Before the burial of Louis XIV. the eyes of Frenchmen had begun to be opened to the shadowed side of his reign. Looking beyond the glory of royalty they saw the tyranny and the shame. Very few mourned the death of the magnificent despot.


The succeeding rulers were in no wise calculated to make good the deficit in esteem and veneration which had already been incurred. On the contrary, they perpetuated all the shame of the reign of Louis XIV. without reproducing aught of its glory. The Duke of Orleans, who acted as regent during the minority of the King, was an unblushing libertine. Louis XV., in his personal habits, was a disgrace to royalty throughout the greater part of his long reign. As in the times of Henry III., the mistress bore the sceptre, and religion was abased to the semblance of a vapid and despicable superstition by being mixed with moral outrage and indecency. Louis XVI. was doubtless exemplary in his general conduct, but he had not sufficient force of character to recover lost prestige.

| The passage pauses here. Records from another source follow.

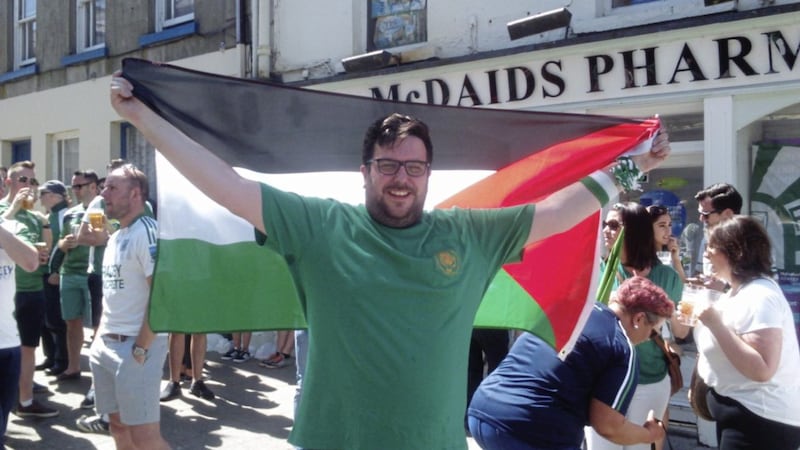 Gregory Phair, a Fermanagh fan from Newtownbutler, displaying his Palestinian flag ahead of the game in Clones 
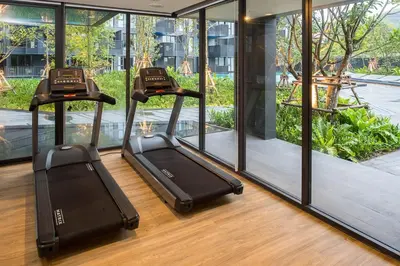 two treadmill machines in a room with windows at The Deck Condominium Patong Beach in Patong Beach
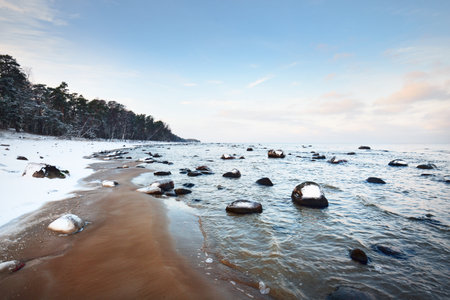 A view of the snow-covered Baltic sea coast at sunset. Stones in the water close-up. Coniferous forest in the background. Stunning cloudscape. Warm evening light. Kaltene, Latviaの写真素材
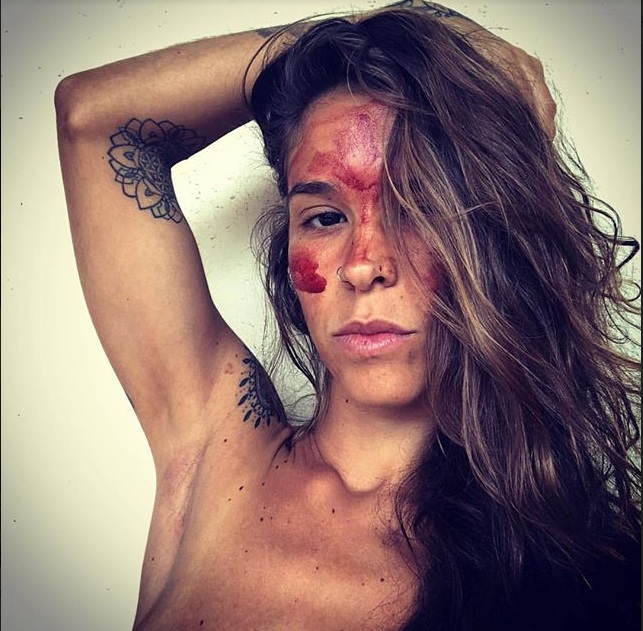 A picture showing Morena Cardoso with her face painted in menstrual blood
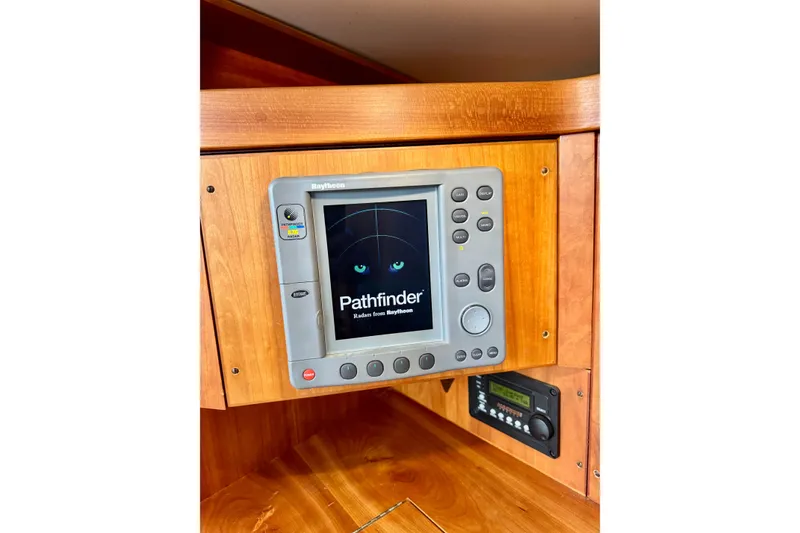 Slide: The Image of Raytheon Pathfinder radar display on 2000 Sabre 402 yacht, mounted in wooden panel. - 42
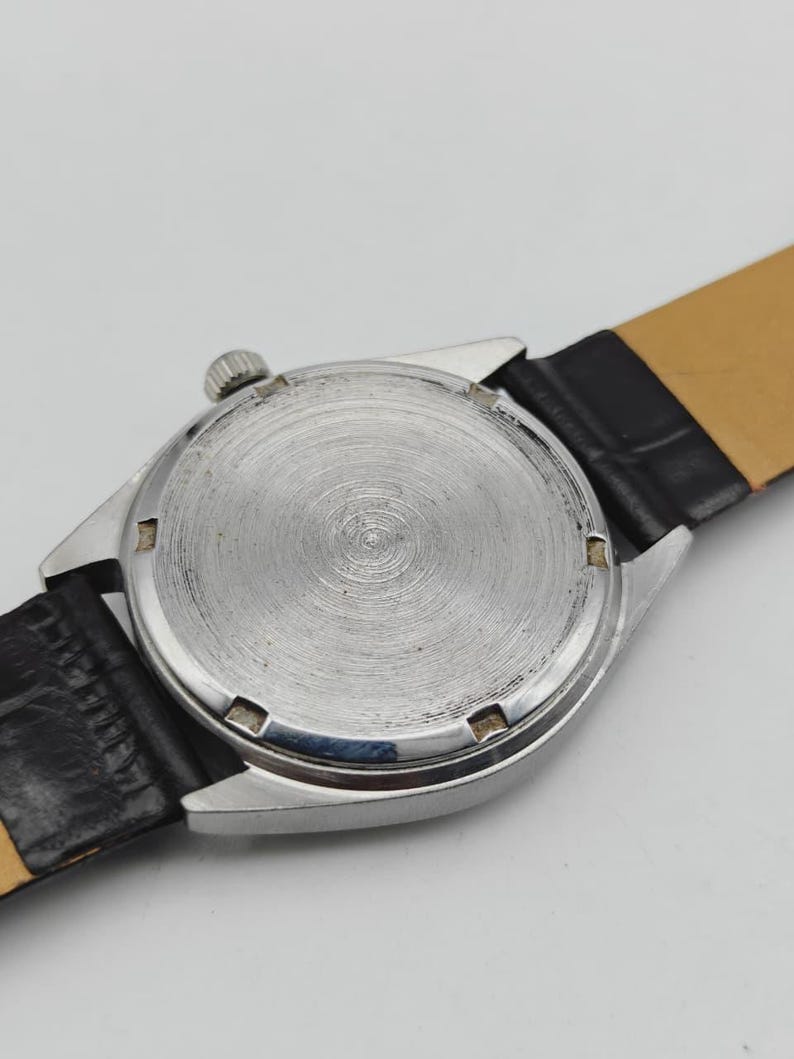 May include: Close-up of a vintage wristwatch, showcasing the textured silver-toned back casing and crown. The watch features a black leather band with a light brown underside. The watch's design suggests a classic, timeless aesthetic.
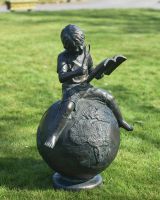 "Boy Reading on Top of the World" Sculpture in Situ in the Garden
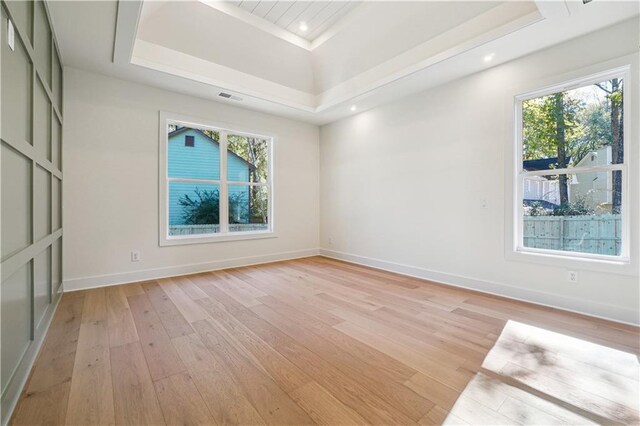 4815 Price Rd, Gainesville, GA 30506 - unfurnished room with light wood-style flooring, healthy amount of natural light, a raised ceiling, and recessed lighting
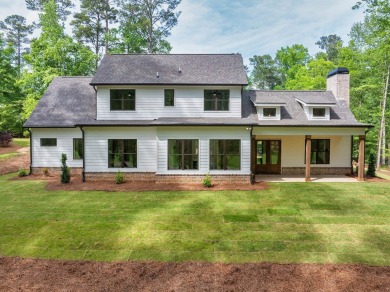 The Reagan plan built by Tradecraft Homes. Stunning new on Harbor Club Golf and Country Club in Georgia - for sale on GolfHomes.com, golf home, golf lot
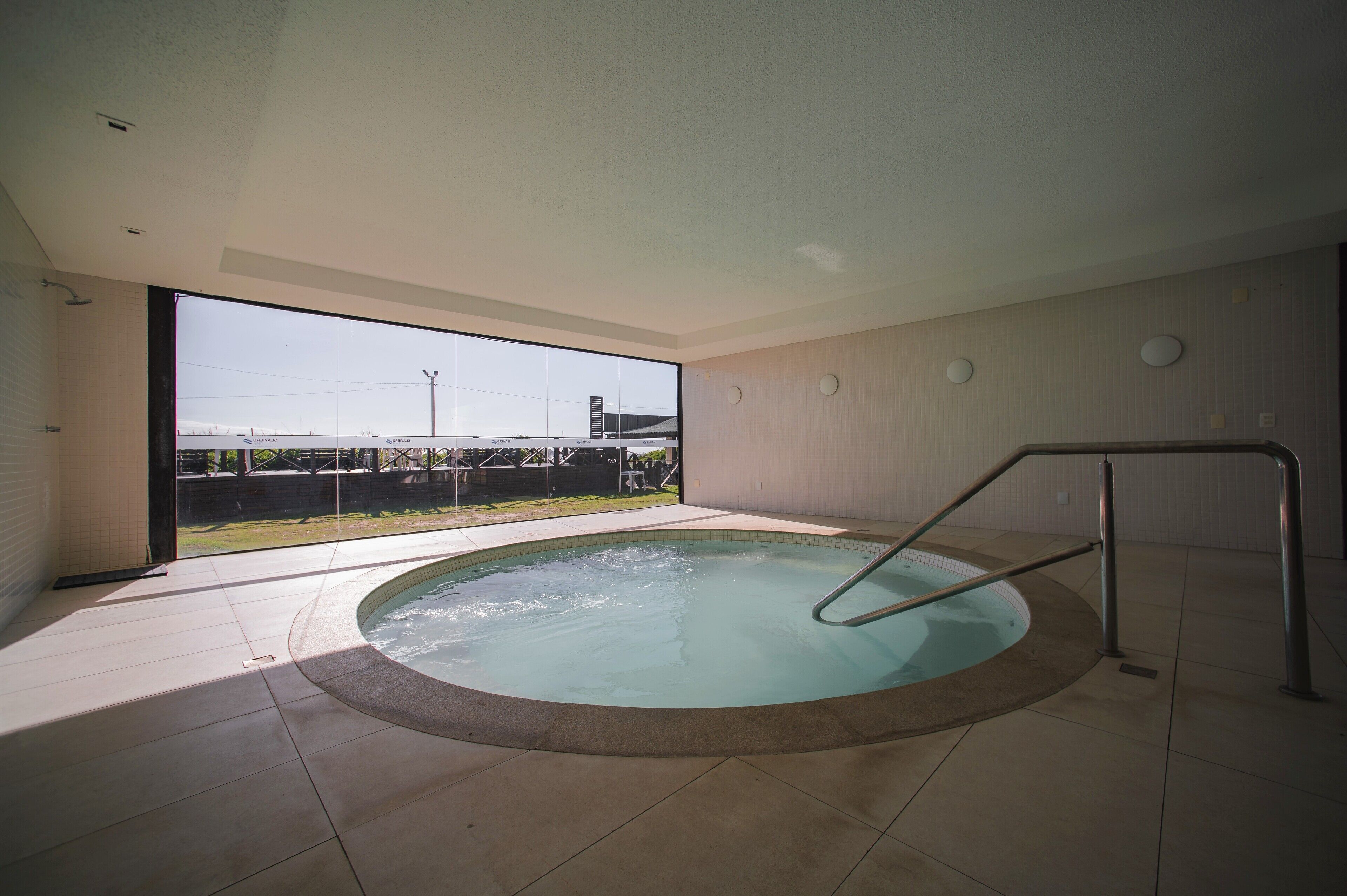 A modern indoor swimming pool with a clear view of the outside.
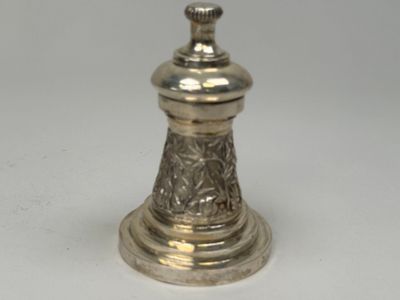 un petit bougeoir en argent posé sur une table blanche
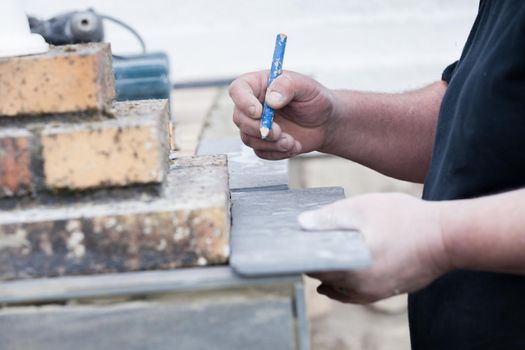 the tiler measures and puts marks to cut and lay a tile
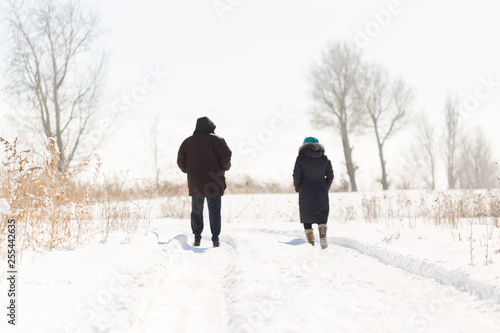 Elderly couple walking in winter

The forfeiture of respect which had been wrought in this manner was aggravated by the unsteadiness of the administration. While the monarch affronted the growing taste for self-government by repeating the assumptions of Louis XIV. and claiming once and again to be the impersonation of the entire sovereignty of the realm, he did not maintain himself firmly upon this ground. Yielding at times to popular disquiet, he gave indulgence to the party representing opposing claims. Concessions of this sort, not having the appearance of free gifts, won no gratitude, and only served to encourage to new efforts those who, from interest or principle, were desirous to limit the authority of the crown. The people were neither crowded down to passivity by a strong despotism nor made content by a liberal treatment.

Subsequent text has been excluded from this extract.